The first measure passed a committee vote and sets aside $76,000 to purchase restrooms and cleaning stations. The portable facilities are made from shipping containers and offer a semi-permanent solution to the lack of public restrooms for people experiencing homelessness.
At a meeting of the council’s public safety committee this week community members gave testimony about the public facility proposal. One would be placed at the Old City Hall where the city already has a safe distribution site. Some community members have scouted the site and found services currently lack there.
The other proposed location is the Babe Denny Park on the old southside. Community members said that site is inaccessible and unusable during Colts games. Others, including Beverle Kane, just don’t think the park is the place.
“Now we have nothing against the homeless, we actually call them our outdoor friends, we just don't want them in Babe Denny Park,” Kane said.

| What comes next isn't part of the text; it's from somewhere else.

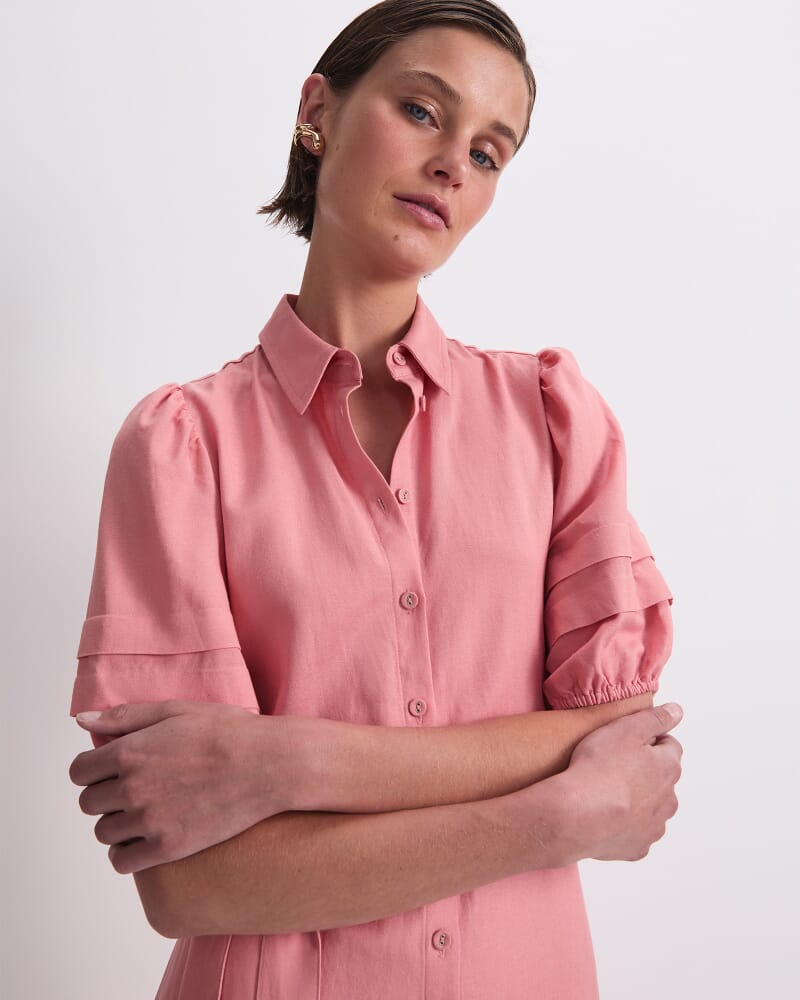 Lola Midi Dress in DARK PINK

The other proposal, Proposal 256, would require organizations that serve food and other aid to larger groups of people to register with the city. The city said spontaneous food giving causes litter and can lead to disorder. A stabbing at a charitable giving site downtown earlier this year may have spurred the proposal.

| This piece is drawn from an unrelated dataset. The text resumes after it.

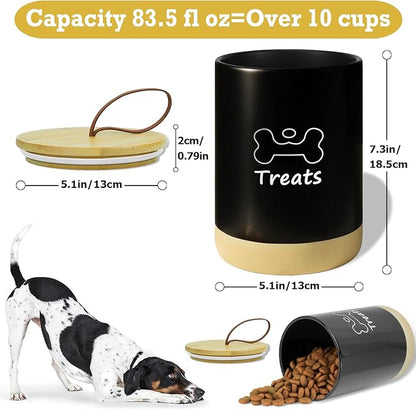 Dog Treat Container Airtight - 5 Inch Wide x 7.5 Inch Black Ceramic Dog Treat Jar for Kitchen Counter, Doggie Cookie Jar with Airtight Bamboo Lid - Farmhouse Style Dog Food Storage Container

Wildstyle Pashall has been outspoken about the issue. He said the measure would have an immediate impact.
“The grassroots organizations that 256 is going to regulate and fine into oblivion are minority lead Black and brown people and the people they are serving… the homeless population is mostly Black,” Pashall said.
Carlette Duffy with the Office of Public Health and Safety defended the measure and said registration would be free and easy and would allow better communication and coordination.
“So that if there is a need for them in terms of resources, we can assist them with obtaining those resources,” Duffy said. “If there is a need for us, in terms of we receive funding all of the time where we have to find partners, and we don't know everyone who's out here who could potentially be a partner, to work with us in the work that we do.”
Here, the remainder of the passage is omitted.